About this task:
In the entries below, find the line with "Leeeeiu online show from April 3, 3:10 pm" and the line with "5th image of 634 C St"; copy them and every line between them exactly, but not the pictures.
Supplied material below:
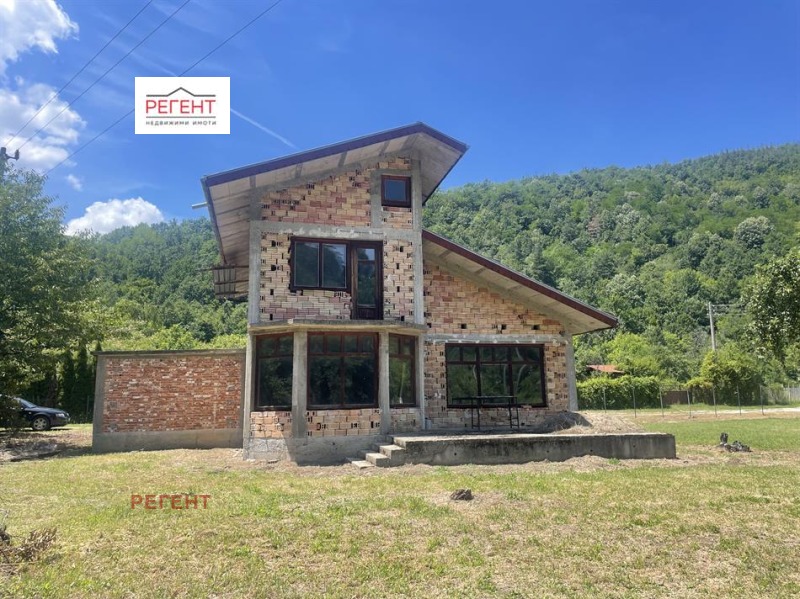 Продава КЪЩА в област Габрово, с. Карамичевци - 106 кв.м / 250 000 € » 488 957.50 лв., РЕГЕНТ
End of Supplied material.
Supplied material below:
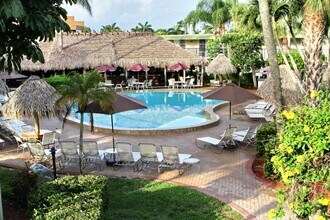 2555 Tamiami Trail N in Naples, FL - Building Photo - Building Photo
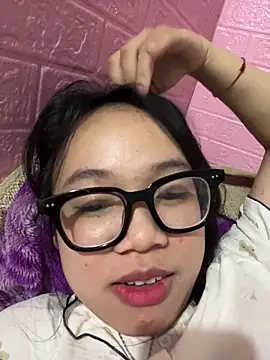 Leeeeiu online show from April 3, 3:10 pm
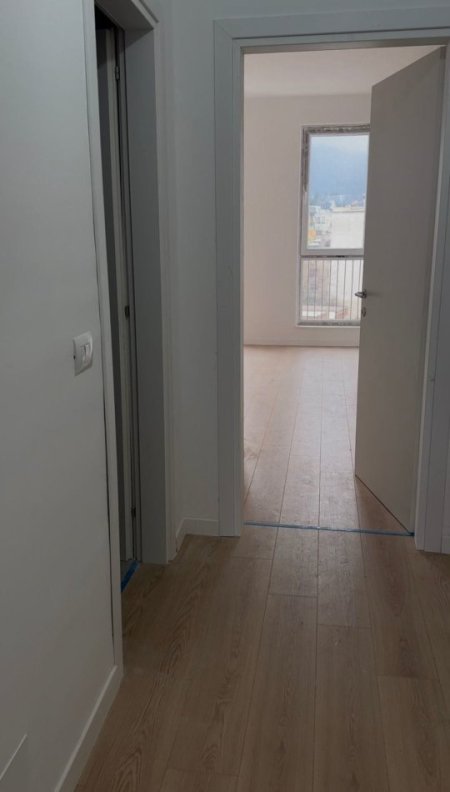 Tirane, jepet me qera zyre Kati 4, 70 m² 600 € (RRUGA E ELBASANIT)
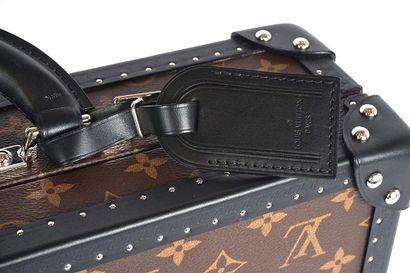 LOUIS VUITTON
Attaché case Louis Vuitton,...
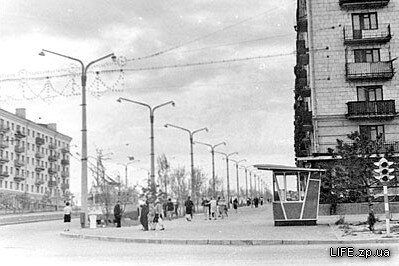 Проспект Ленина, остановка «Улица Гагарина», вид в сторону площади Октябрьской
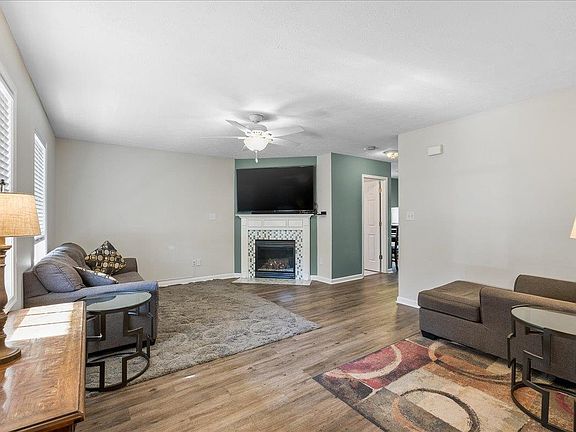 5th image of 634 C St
End of Supplied material.
Supplied material below:
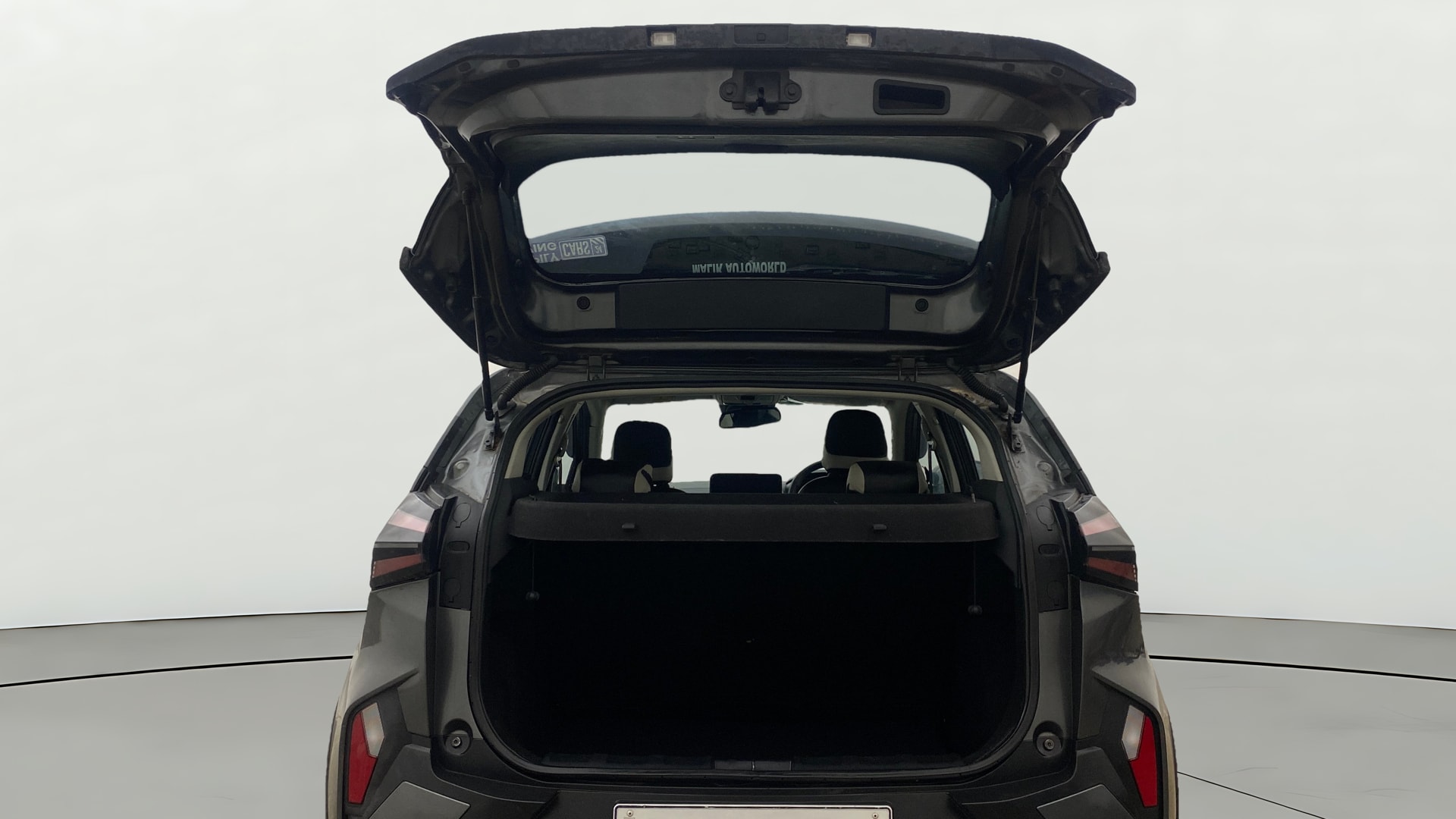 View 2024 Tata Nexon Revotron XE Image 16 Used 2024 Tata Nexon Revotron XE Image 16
End of Supplied material.
Answer space:
 Leeeeiu online show from April 3, 3:10 pm
 Tirane, jepet me qera zyre Kati 4, 70 m² 600 € (RRUGA E ELBASANIT)
 LOUIS VUITTON
Attaché case Louis Vuitton,...
 Проспект Ленина, остановка «Улица Гагарина», вид в сторону площади Октябрьской
 5th image of 634 C St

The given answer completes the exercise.